_ACTIVITY_
Leave out the pictures and transcribe every entry below exactly.

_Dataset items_
■ ■ ■ ■

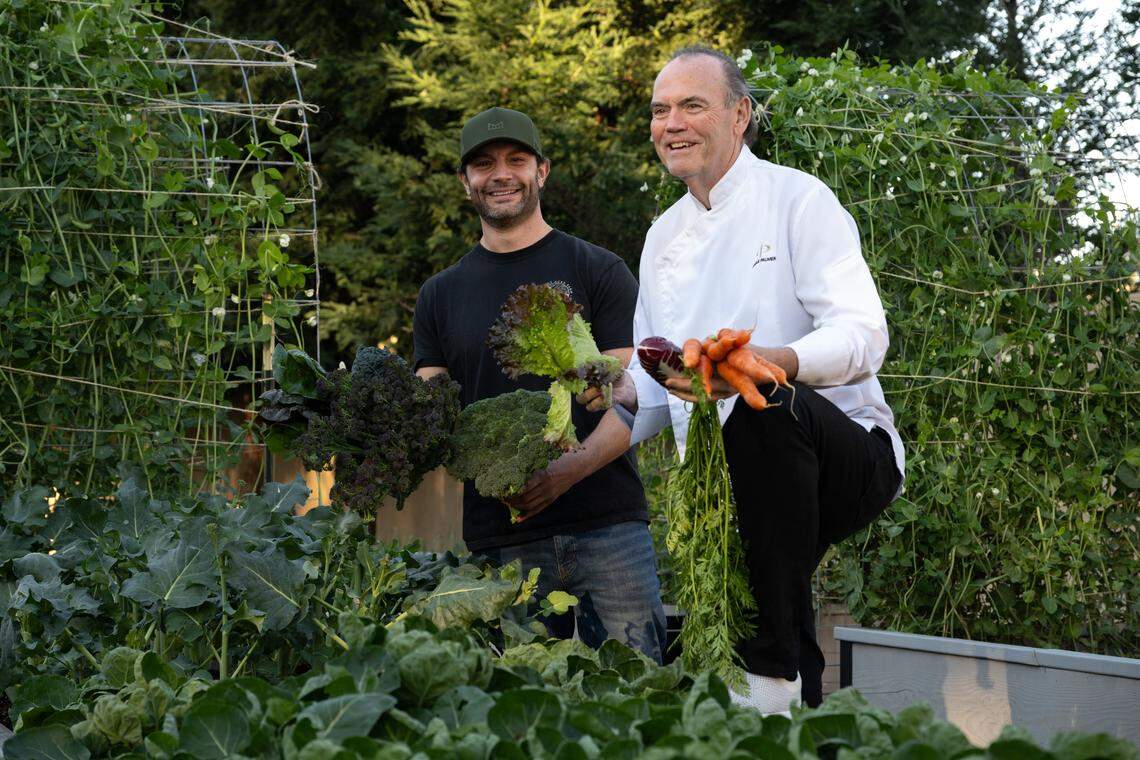 Chef Charlie Palmer poses for a photo with Matt Jones of Honest Acre Farm on Jan. 8 in Lodi. Palmer incorporates produce from local farmers like Jones into the cuisine at Appellation Lodi - Wine & Roses Resort and Spa.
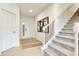Inviting foyer with hardwood flooring, a staircase, and natural light streaming through the front door at 15192 Montfort Dr, Noblesville, IN 46062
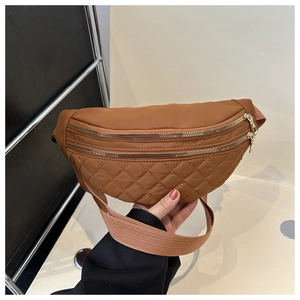 Detail of caramel nylon quilted saddle bag featuring dual gold metal zippers and textured stitching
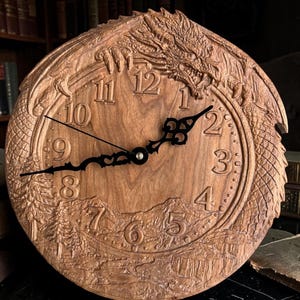 May include: A wooden wall clock with a dragon design carved around the face. The clock features black hands and Roman numerals. The background includes a mountain and forest scene.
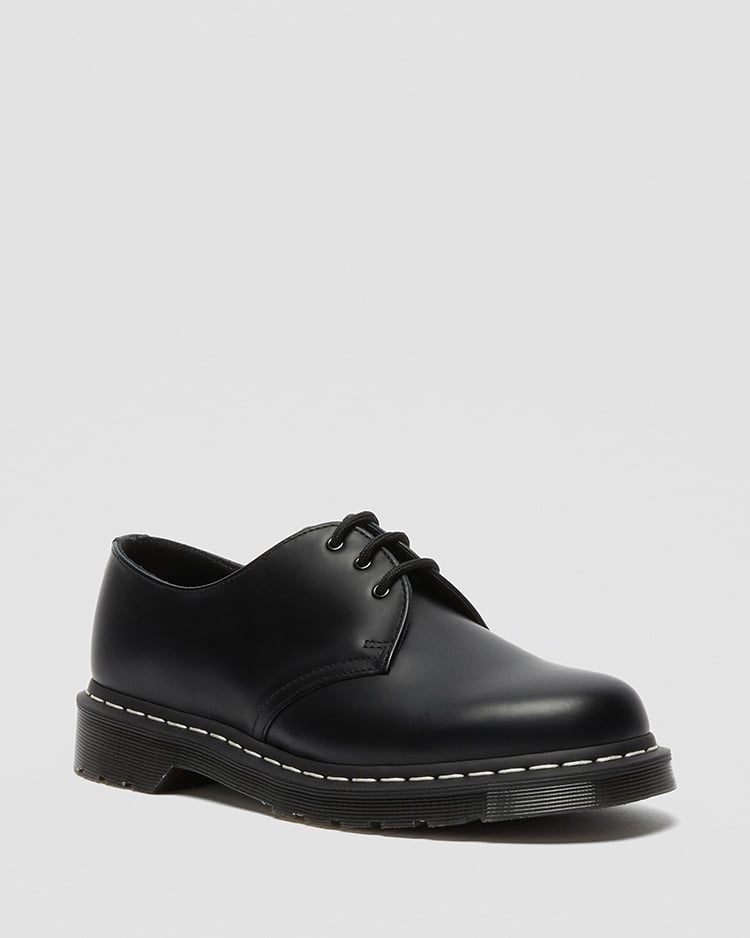 Black leather 3‑hole shoe with white welt stitching shown at a three-quarter angle on a light gray background.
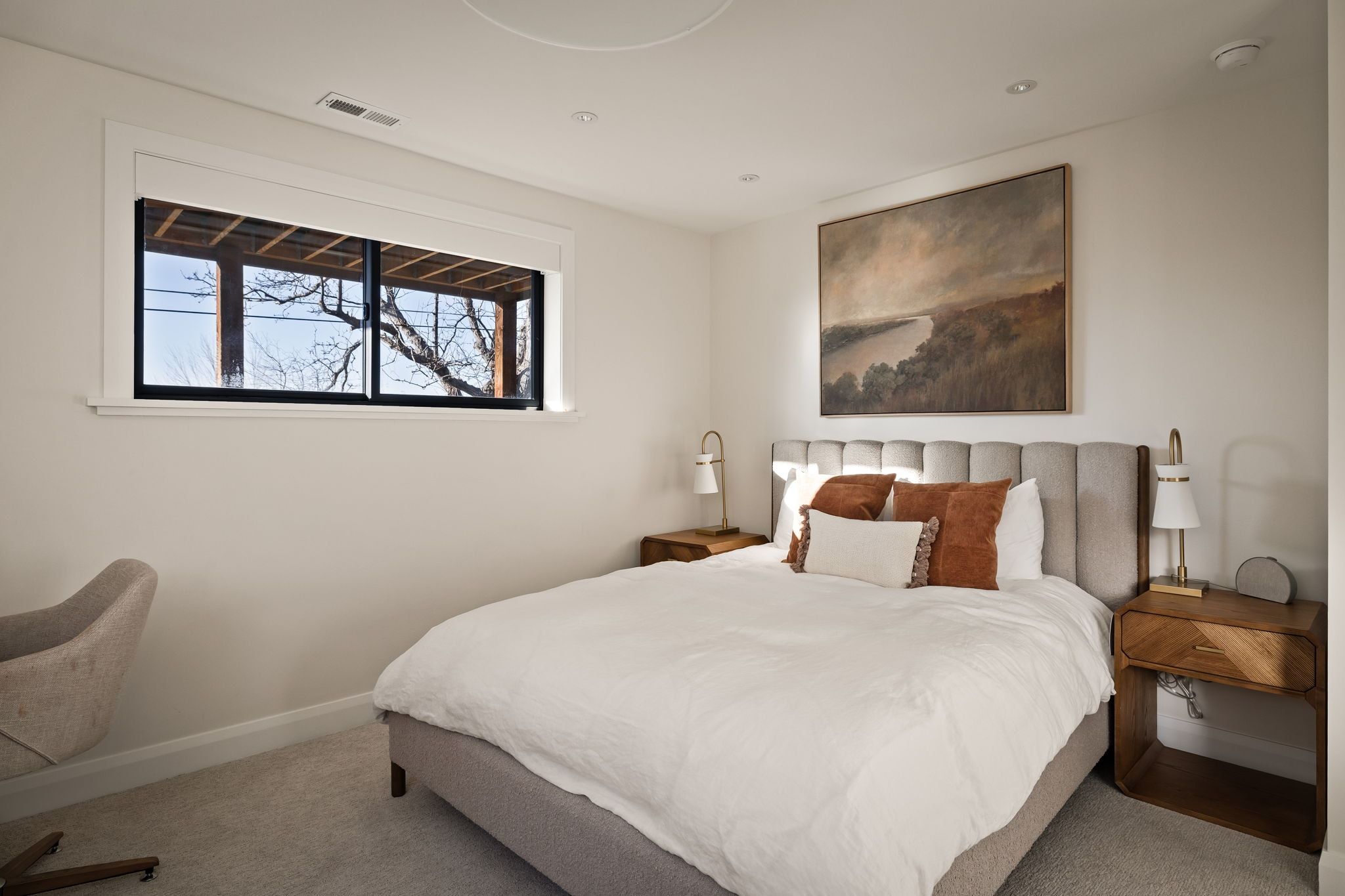 Bedroom featuring carpet floors and baseboards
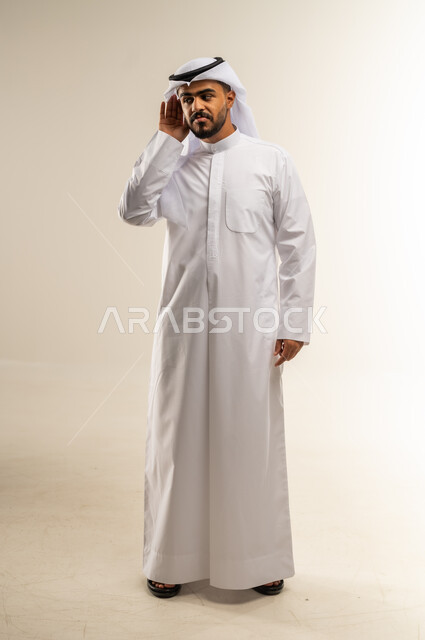 الحاجة لمراجعة طبيب الأذن لتركيب السماعات الطبية, إيماءات التركيز والاستماع لفهم الكلام بشكل واضح، بورتريه لرجل عربي خليجي كويتي يرتدي الثوب التقليدي يمسك أذنه بيده ويعاني من ضعف السمع، الجسم بالطول الكامل، خلفية بيضاء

■ ■ ■ ■

_EXPECTED ANSWER_
 Chef Charlie Palmer poses for a photo with Matt Jones of Honest Acre Farm on Jan. 8 in Lodi. Palmer incorporates produce from local farmers like Jones into the cuisine at Appellation Lodi - Wine & Roses Resort and Spa.
Inviting foyer with hardwood flooring, a staircase, and natural light streaming through the front door at 15192 Montfort Dr, Noblesville, IN 46062
 Detail of caramel nylon quilted saddle bag featuring dual gold metal zippers and textured stitching
 May include: A wooden wall clock with a dragon design carved around the face. The clock features black hands and Roman numerals. The background includes a mountain and forest scene.
 Black leather 3‑hole shoe with white welt stitching shown at a three-quarter angle on a light gray background.
 Bedroom featuring carpet floors and baseboards
 الحاجة لمراجعة طبيب الأذن لتركيب السماعات الطبية, إيماءات التركيز والاستماع لفهم الكلام بشكل واضح، بورتريه لرجل عربي خليجي كويتي يرتدي الثوب التقليدي يمسك أذنه بيده ويعاني من ضعف السمع، الجسم بالطول الكامل، خلفية بيضاء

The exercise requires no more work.